The Indian Government had made an important legislative intervention by way of the Arbitration and Conciliation Act, 1996 which largely incorporated International development such as the ‘UNICITRAL Model Rules’ on arbitration and the New York Convention on the Recognition and Enforcement of Foreign Arbitral Awards. However, disputes several years of the operation of this statue, there is a distinct preponderance in favor of ad-hoc arbitration mechanism.
It is in the
sitting that it is important to educate the business community in India about
the merits of relying on institutional arbitration mechanism. By resorting to
institutional mechanism, parties can ensure that their disputes will be
resolved under globally accepted and updated arbitration rule coupled with
supervision by personnel with expertise in the area. Furthermore, reliance on
recognized international arbitral institutions has positive correlation with
the recognition and enforcement arbitral awards across different countries.
Alternative dispute resolution
(ADR) is widely regarded as holding great promise for the low-cost and efficient
resolution of consumer disputes, especially cross-border disputes. In the
majority of member countries, policy initiatives recognizing the potential
benefits of ADR have been developed. These initiatives aim at increasing the
availability of effective, timely and cheap mechanisms as an alternative to formal court-based dispute resolution. In some
countries, state-run ADR mechanisms are very well developed, offering dispute
resolution services for a wide range of consumer disputes.
In many other countries,
state-run ADR schemes are available only on a sector or industry wide basis.

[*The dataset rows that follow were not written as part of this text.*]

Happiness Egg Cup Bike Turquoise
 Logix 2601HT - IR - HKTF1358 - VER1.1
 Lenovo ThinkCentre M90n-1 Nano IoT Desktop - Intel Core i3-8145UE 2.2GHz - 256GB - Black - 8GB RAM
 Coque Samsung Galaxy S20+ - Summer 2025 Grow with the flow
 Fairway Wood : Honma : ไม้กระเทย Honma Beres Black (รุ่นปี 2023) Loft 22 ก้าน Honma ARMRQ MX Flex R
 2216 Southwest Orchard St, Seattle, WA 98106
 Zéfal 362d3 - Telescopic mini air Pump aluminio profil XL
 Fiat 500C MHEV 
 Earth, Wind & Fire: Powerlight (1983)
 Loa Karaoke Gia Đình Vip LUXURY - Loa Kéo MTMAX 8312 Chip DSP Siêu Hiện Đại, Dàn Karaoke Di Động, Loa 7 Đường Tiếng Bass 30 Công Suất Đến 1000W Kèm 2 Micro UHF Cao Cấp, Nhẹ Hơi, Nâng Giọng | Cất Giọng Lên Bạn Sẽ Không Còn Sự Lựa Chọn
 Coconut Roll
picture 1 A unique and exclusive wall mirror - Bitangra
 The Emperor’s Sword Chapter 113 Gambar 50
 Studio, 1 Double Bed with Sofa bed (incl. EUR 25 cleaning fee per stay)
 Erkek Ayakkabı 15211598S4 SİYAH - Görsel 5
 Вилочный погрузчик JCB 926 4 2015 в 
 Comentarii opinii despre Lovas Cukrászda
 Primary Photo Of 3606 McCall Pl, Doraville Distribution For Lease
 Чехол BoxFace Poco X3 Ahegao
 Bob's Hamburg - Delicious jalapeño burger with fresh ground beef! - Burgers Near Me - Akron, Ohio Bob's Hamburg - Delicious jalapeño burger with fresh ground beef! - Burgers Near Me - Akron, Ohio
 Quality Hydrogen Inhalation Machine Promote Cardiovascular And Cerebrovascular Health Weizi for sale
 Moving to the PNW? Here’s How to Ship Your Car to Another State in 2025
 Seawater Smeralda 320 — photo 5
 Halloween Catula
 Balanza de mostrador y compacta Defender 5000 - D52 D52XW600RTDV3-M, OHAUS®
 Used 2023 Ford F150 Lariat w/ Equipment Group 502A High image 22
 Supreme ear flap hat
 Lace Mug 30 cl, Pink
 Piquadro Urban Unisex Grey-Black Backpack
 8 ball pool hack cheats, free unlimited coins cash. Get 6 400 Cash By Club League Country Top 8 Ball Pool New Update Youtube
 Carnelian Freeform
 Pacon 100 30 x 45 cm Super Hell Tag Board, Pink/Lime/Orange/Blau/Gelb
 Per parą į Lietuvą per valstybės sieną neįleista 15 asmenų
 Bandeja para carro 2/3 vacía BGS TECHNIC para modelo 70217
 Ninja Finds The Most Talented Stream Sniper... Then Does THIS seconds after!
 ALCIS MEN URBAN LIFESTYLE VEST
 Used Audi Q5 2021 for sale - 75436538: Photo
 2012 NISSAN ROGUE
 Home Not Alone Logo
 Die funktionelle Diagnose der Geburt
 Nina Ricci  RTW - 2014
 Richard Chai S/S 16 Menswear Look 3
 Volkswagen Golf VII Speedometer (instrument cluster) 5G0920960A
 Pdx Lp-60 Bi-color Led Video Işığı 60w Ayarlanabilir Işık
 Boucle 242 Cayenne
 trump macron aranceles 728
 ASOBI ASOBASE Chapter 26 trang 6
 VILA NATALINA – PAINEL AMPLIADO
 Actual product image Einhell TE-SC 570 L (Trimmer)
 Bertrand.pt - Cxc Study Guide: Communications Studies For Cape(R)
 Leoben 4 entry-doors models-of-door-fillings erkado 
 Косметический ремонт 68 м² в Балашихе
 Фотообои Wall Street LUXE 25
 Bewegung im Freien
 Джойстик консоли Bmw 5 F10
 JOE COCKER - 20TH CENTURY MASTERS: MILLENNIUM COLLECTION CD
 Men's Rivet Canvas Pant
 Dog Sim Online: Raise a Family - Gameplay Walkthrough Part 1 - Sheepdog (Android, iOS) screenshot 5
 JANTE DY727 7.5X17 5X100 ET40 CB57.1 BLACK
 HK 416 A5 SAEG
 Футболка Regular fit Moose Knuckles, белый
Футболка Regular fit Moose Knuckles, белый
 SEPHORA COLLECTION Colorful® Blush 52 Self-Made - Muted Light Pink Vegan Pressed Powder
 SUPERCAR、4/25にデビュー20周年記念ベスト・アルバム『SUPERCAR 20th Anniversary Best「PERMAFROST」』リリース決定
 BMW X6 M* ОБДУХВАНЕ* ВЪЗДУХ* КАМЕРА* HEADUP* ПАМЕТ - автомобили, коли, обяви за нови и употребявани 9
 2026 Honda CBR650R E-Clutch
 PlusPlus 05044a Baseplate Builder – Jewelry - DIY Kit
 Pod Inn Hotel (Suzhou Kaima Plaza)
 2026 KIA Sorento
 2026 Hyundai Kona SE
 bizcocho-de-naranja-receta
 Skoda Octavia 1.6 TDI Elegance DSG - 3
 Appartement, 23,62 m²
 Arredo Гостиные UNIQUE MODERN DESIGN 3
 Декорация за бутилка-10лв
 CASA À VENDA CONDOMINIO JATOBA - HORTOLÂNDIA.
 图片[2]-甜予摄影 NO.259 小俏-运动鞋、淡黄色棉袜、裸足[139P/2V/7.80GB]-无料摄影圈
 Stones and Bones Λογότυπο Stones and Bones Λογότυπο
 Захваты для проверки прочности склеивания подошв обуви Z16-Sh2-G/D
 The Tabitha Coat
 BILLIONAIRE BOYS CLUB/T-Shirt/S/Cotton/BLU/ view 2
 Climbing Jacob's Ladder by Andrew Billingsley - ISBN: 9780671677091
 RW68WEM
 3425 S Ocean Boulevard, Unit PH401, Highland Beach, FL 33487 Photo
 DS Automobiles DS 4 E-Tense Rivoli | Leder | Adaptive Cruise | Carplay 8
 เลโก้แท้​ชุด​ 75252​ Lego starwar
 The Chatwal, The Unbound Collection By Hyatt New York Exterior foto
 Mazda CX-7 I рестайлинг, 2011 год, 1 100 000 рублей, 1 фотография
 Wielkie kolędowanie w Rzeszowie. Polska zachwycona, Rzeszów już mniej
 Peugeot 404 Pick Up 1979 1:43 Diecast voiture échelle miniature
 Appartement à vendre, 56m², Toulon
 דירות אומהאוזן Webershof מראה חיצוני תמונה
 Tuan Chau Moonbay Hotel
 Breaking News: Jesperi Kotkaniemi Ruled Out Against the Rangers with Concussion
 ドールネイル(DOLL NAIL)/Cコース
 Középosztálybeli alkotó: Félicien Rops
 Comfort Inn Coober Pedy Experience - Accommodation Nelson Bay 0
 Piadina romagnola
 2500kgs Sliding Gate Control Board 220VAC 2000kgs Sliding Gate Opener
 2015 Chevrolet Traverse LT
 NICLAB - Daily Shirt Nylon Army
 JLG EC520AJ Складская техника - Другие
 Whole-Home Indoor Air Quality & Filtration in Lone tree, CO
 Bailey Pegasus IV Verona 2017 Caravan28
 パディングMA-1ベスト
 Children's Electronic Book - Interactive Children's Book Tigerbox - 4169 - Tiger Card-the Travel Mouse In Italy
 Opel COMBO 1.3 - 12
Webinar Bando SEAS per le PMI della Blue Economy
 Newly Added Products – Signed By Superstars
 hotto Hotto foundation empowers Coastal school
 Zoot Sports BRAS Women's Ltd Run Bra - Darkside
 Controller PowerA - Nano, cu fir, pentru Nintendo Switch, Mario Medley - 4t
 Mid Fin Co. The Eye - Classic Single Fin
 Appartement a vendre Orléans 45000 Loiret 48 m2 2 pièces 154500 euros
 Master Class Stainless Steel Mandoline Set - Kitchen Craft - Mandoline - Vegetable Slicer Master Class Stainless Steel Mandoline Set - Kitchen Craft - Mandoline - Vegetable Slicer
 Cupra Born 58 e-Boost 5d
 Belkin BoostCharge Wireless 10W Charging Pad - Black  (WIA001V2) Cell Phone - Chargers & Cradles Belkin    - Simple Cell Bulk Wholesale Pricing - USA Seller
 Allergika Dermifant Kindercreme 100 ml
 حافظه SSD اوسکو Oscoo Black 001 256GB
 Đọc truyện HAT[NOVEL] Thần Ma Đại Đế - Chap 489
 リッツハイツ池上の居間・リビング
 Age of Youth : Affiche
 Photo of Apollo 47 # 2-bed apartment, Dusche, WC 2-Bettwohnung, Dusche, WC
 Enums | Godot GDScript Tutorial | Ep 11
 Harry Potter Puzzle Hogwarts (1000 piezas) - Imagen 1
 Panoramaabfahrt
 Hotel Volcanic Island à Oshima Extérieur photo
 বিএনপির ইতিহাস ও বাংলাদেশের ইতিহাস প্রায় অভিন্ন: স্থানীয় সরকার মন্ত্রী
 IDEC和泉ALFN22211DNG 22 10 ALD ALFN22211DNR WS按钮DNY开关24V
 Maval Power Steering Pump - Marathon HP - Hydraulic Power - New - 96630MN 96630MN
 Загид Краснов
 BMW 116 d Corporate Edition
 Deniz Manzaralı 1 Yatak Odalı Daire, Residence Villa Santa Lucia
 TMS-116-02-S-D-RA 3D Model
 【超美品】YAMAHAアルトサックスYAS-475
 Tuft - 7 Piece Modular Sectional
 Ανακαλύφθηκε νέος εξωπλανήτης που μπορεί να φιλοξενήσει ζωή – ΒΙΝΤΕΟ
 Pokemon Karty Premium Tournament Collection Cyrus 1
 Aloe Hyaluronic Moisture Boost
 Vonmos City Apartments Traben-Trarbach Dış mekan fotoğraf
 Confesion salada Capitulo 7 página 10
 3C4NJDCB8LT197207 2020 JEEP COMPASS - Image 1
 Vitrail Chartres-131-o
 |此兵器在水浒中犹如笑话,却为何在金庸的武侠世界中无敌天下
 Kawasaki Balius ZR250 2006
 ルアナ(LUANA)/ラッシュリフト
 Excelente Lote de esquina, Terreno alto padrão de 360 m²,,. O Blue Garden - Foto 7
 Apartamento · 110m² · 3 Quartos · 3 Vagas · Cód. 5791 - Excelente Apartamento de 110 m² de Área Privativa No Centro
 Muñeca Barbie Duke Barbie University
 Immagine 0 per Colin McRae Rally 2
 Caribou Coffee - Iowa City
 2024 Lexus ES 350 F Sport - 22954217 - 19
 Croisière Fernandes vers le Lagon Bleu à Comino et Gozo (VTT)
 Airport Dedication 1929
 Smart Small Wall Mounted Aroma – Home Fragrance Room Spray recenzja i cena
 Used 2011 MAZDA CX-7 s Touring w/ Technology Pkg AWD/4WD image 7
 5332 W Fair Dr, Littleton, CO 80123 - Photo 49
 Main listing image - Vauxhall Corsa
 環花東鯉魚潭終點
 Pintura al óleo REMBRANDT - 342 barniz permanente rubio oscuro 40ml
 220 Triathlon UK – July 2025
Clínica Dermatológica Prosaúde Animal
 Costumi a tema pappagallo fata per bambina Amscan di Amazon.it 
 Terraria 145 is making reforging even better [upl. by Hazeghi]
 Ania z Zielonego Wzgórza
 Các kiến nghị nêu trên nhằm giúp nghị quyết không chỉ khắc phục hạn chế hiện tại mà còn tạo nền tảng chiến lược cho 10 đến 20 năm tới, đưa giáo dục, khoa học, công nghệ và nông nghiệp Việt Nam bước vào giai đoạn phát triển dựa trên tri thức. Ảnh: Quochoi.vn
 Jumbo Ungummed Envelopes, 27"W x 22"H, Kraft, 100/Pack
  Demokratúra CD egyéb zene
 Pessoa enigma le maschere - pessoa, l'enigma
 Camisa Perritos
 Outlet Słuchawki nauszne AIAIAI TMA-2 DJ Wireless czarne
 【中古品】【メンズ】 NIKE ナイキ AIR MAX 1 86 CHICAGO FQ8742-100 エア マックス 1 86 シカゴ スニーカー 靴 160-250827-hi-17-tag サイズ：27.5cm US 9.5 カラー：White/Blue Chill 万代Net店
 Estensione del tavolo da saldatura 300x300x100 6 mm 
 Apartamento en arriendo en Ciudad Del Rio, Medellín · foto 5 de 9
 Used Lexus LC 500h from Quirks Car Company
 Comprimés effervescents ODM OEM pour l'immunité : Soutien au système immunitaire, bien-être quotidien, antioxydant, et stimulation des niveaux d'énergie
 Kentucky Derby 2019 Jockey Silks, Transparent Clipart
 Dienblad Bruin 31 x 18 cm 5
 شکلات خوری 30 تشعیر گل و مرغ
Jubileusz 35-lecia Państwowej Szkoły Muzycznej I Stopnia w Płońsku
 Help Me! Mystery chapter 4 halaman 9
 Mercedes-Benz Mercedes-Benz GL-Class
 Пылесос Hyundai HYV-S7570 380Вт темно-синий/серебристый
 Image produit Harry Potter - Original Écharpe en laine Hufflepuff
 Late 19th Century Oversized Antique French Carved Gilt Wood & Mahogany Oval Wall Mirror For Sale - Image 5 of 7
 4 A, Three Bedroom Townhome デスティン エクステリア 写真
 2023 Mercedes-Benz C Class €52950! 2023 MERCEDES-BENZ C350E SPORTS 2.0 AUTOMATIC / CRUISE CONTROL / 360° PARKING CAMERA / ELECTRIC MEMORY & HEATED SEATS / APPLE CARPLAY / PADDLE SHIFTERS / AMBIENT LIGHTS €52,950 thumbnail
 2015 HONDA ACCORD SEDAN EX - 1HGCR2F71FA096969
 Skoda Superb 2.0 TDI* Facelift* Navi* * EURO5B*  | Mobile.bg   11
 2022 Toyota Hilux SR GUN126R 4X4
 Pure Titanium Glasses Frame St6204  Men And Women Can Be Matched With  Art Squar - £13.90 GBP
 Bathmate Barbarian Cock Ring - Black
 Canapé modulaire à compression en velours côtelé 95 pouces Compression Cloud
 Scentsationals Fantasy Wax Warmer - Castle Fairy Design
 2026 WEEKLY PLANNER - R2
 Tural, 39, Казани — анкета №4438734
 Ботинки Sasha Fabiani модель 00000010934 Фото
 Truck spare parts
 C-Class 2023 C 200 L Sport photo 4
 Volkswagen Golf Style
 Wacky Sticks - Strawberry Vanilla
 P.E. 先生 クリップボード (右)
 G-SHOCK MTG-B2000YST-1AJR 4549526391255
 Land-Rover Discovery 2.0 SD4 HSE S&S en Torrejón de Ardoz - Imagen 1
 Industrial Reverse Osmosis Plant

Despite efforts to encourage the development and use of private-sector ADR for
business to consumer disputes, there is evidence that the provision of such
services remains patchy. These findings suggest that there is still room for improvement in the development, promotion
and use of fair and effective ADR services for business to consumer disputes, especially for cross-border
disputes.
While the two most
common forms of ADR are arbitration and mediation, negotiation is almost always
attempted first to resolve a dispute. It is the preeminent mode of dispute
resolution. Negotiation allows the parties to meet in order to settle a
dispute. The main advantage of this form of dispute settlement is that it
allows the parties themselves to control the process and the solution.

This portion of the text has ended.